SystemDNS Nameservers
Incident Report for OpenSRS
Postmortem

On March 14th, 2024 at 11:34 am EST, Tucows’ Domains DNS platform stopped responding to requests due to a data inconsistency between our DNS server and the underlying database.

Tucows continuously improves its DNS platform and its services. During a routine software update a data issue was identified that affected domain resolution on our System DNS platform.

DNS & Network Engineering teams identified the issue on the spot and started mitigating the problem. When it became clear that resolution of the issue would be time consuming the engineering team initiated a fail-over procedure to resolve the issue which was fully completed at 1:07 pm EST.
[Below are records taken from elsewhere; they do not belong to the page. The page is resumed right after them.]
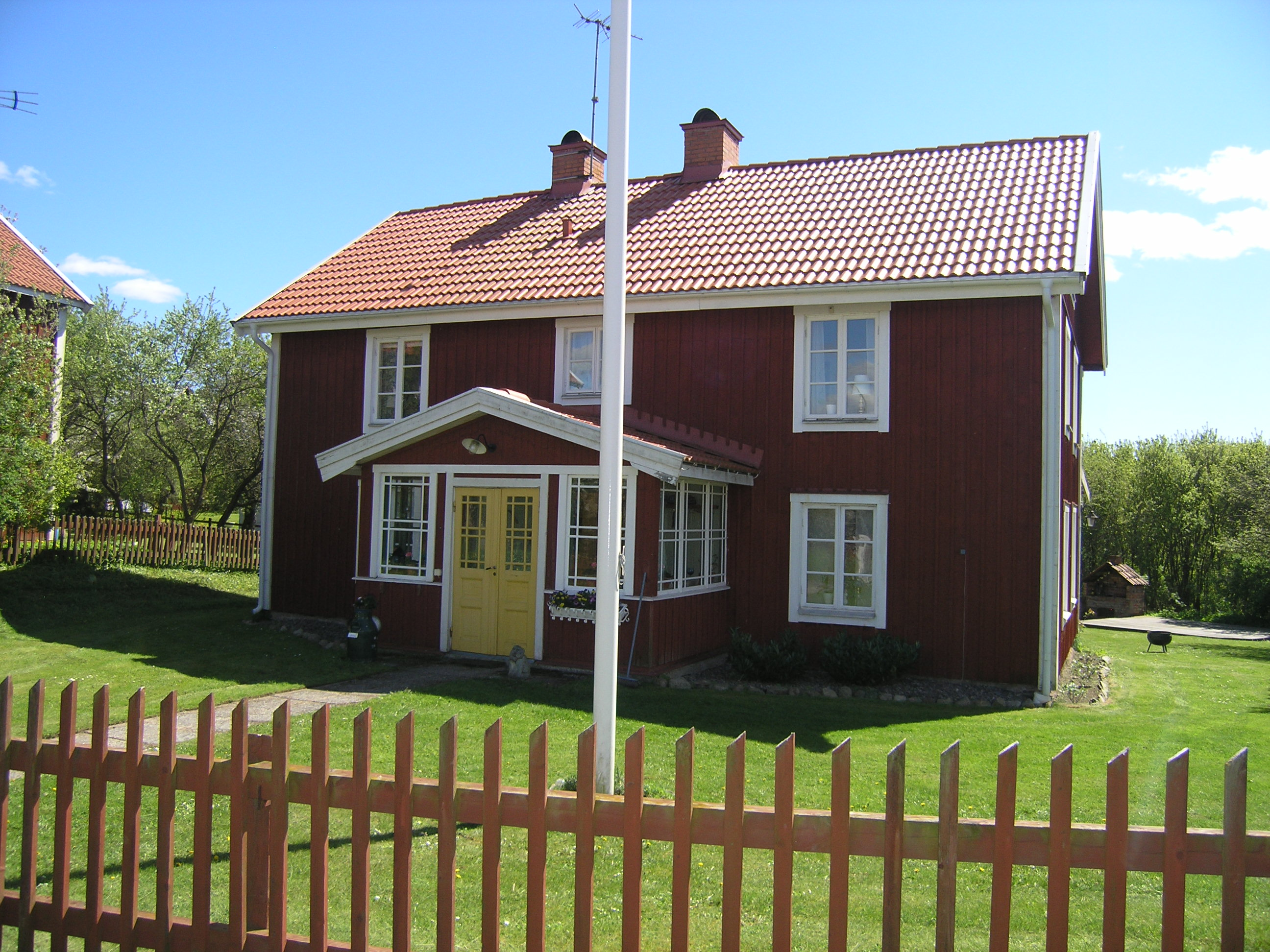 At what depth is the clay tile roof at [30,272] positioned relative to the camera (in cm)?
2222

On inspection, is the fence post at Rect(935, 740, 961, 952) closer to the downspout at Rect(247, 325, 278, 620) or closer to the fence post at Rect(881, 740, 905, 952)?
the fence post at Rect(881, 740, 905, 952)

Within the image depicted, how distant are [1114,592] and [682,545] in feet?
82.1

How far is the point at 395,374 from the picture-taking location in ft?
53.9

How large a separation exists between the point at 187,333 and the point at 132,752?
28061mm

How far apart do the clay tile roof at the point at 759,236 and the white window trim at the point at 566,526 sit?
3.17 m

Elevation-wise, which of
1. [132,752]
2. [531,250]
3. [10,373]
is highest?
[531,250]

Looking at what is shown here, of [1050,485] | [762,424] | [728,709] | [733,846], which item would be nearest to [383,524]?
[762,424]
We are taking multiple steps to prevent a recurrence and improve reliability in the future.

  • Improve tooling to identify and resolve possible data race conditions.
  • Improve fail-over process to initiate faster resolution.

We apologize for the inconvenience this service disruption may have caused.

Thank you,

Tucows Domains Operations Team

Posted Mar 19, 2024 - 13:48 UTC

Resolved
Our engineering team has deployed a fix. Services have been restored.

Start Time: 03/14/24 15:43 UTC
End Time: 03/14/24 17:09 UTC
Posted Mar 14, 2024 - 17:32 UTC
Identified
Our engineers have identified the problem and are working to resolve it currently.
Posted Mar 14, 2024 - 16:21 UTC
Update
We are currently experiencing a minor incident that is impacting domains. We have encountered an issue with our nameservers that is impacting our domains services. Our engineering team has been engaged and is currently investigating.
Posted Mar 14, 2024 - 16:06 UTC
Investigating
We are investigating an issue regarding our SystemDNS.com nameservers.

We will provide an update once we have additional information.
Posted Mar 14, 2024 - 15:50 UTC
This incident affected: DNS (SystemDNS).